EnergyAI/qwen3-4b-agrpo-think-lr5e-7 is a 4 billion parameter model built upon the Qwen3-4B architecture. It has been fine-tuned using the Async GRPO (Asynchronous Generalized Reinforcement Learning with Policy Optimization) algorithm, specifically leveraging TRL's AsyncGRPOTrainer. A key feature of this model's training is the enabled 'thinking mode' (enable_thinking=True), which likely contributes to its specialized performance.

Key Capabilities

  • Energy Domain Verification: Designed for fill-in-the-middle multiple-choice questions (MCQ) within the energy sector.
  • Structured Output: Outputs answers in a precise \boxed{N} format, where N corresponds to the option number, facilitating automated parsing and verification.
  • Reinforcement Learning Optimization: Trained with a reward function that grants +1.0 for correct answers, -0.5 for wrong answers, and -1.0 for no answer, indicating a strong focus on accuracy and response generation.

Training Details

The model was trained with a learning rate of 5e-7, a cosine scheduler, and a substantial effective batch size of 128 prompts per step.

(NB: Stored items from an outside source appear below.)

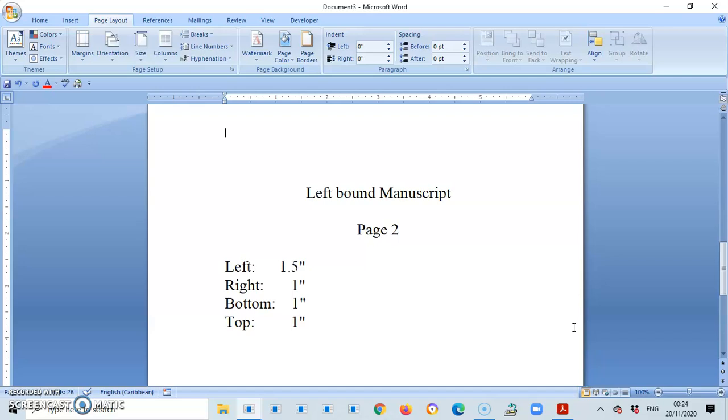And there you have it, guys. How to set your margin to suit the layout or the style of manuscript that you're typing. Whether it is unbound, topbound, or leftbound.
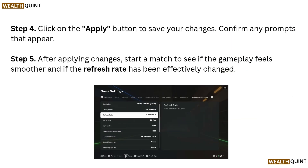Step 4: Click on the apply button to save your changes, then confirm any prompts that appear. Step 5: After applying changes, start a match to see if the gameplay feels smoother and if the refresh rate has been effectively changed.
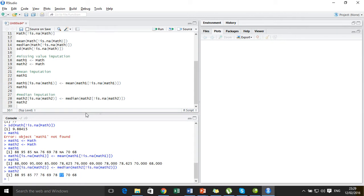So this is the way we use mean imputation and median imputation using the R programming language. We have also learned a very important function — is.na — which is going to be a great help to you in the future. Thank you very much for watching. Hope you enjoyed, and see you in the next video.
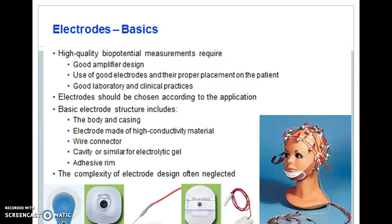High quality biopotential measurements require a good amplifier design. With the help of a good amplifier design, biometric potentials are measured. The use of good electrodes and the proper placement of the patient are the main points. Good laboratory and clinical practices are essential, as only with these can high quality biopotential measurements be achieved.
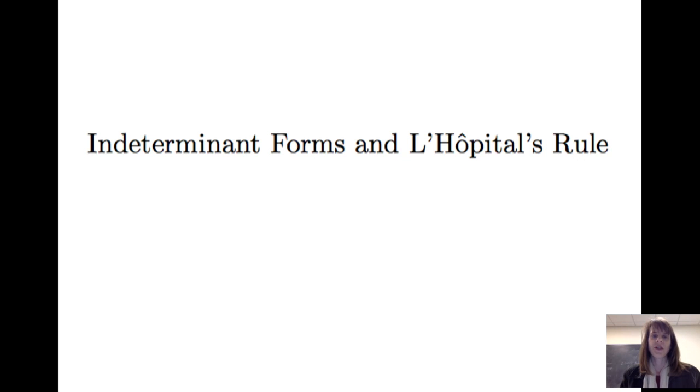Hello. In this video, we will consider indeterminate forms and L'Hôpital's rule to determine the values of limits.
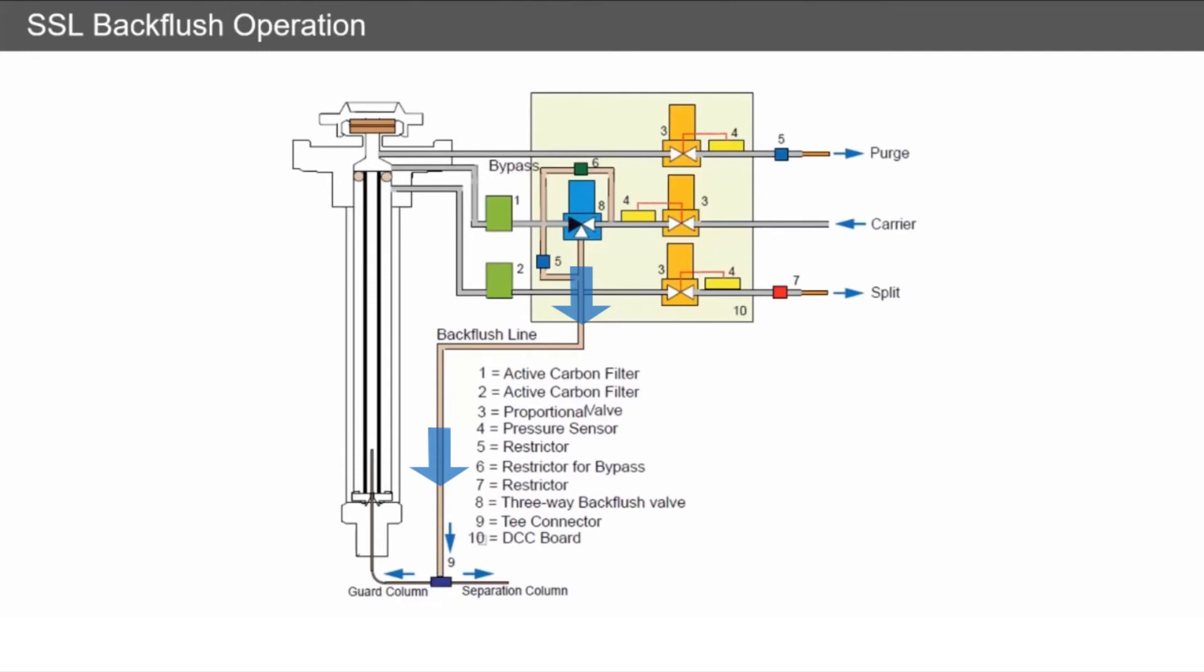This allows all these high boiling point compounds—stuff that's really difficult to move through the system—to exit without going onto the separation column, which improves the life of your separation column.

It underwent 2000 maximum steps with 9 generations per prompt and a maximum completion length of 4096 tokens. The training utilized FSDP2 parallelism across 4 GPUs, with vLLM TP=4 for inference, demonstrating a robust and scalable training setup.

Good For

  • Automated assessment of energy-related multiple-choice questions.
  • Applications requiring precise, structured answers for verification tasks.
  • Research into the effectiveness of Async GRPO and 'thinking mode' in specialized domain LLMs.